WHAT NEEDS TO BE DONE = Could you return each line from the one bearing "Photo of free" through the last line of the entries, exactly as it stands, with no pictures?

(Web page caption snippets)
****************

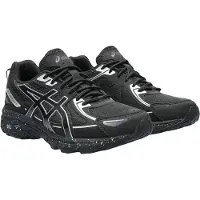 Asics Schuhe - Gel-Venture 6 GS - Black/Reines Silber - - 37 - Schuhe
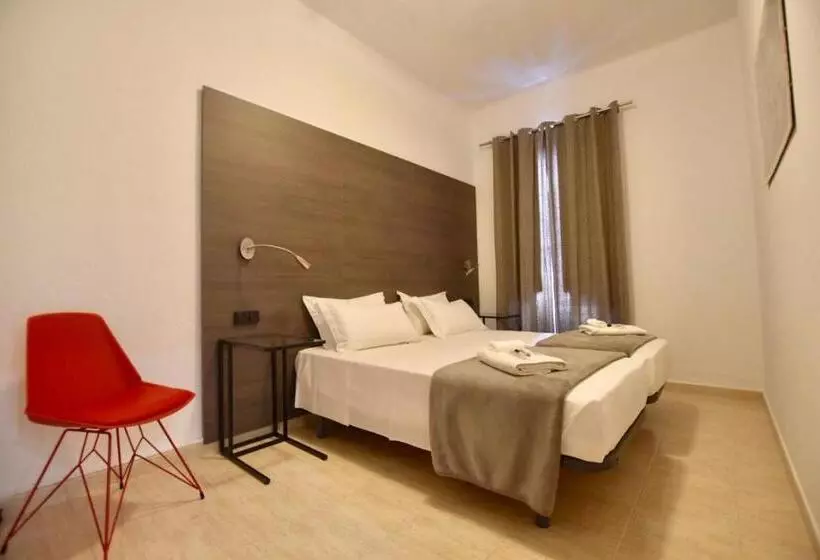 اتاق استاندارد, Quart Youth Hostel & Apartments
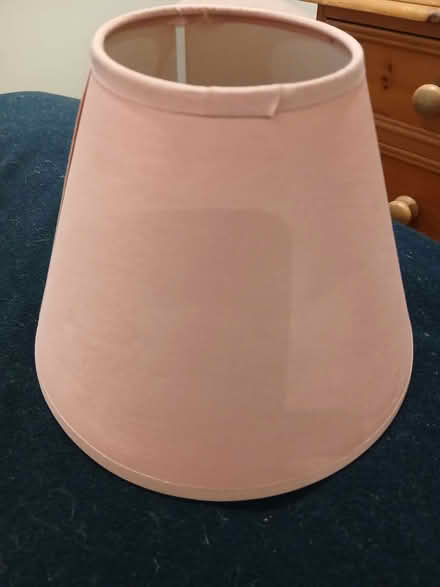 Photo of free Bedside Lamp Shade (Wrose BD18) #1
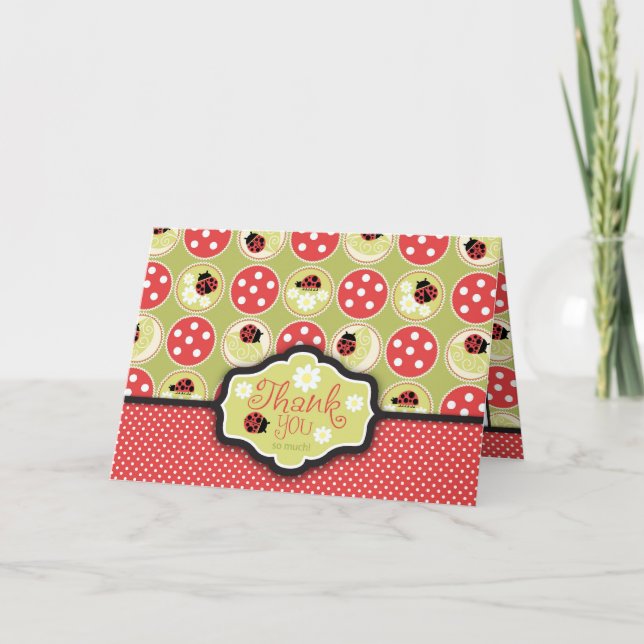 Lite kort för dam TY (Framsida)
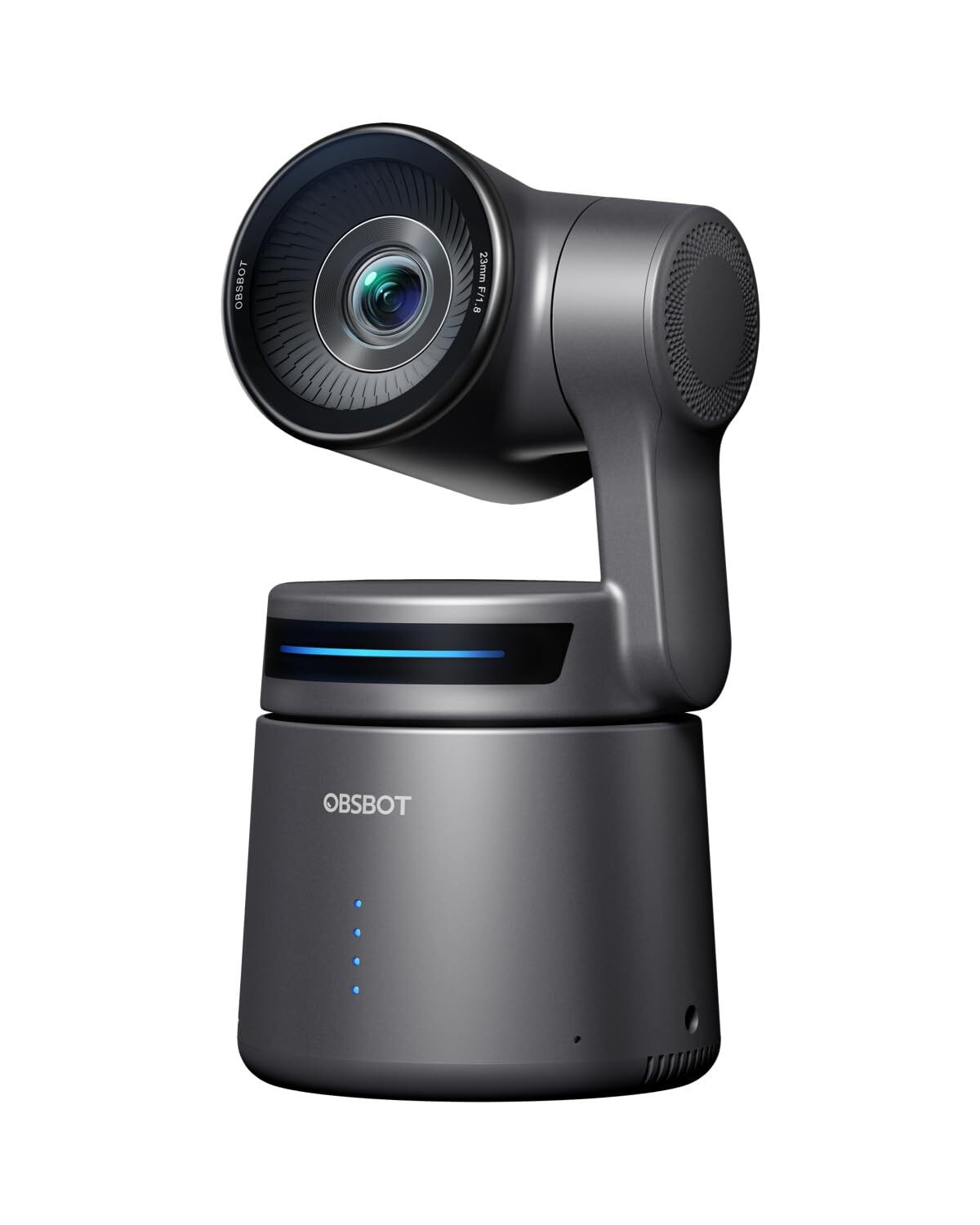 OBSBOT OSB-2108-CW Tail Air AI Powered 4K PTZ Streaming Camera NDI - New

****************

TASK OUTPUT =
 Photo of free Bedside Lamp Shade (Wrose BD18) #1
 Lite kort för dam TY (Framsida)
 OBSBOT OSB-2108-CW Tail Air AI Powered 4K PTZ Streaming Camera NDI - New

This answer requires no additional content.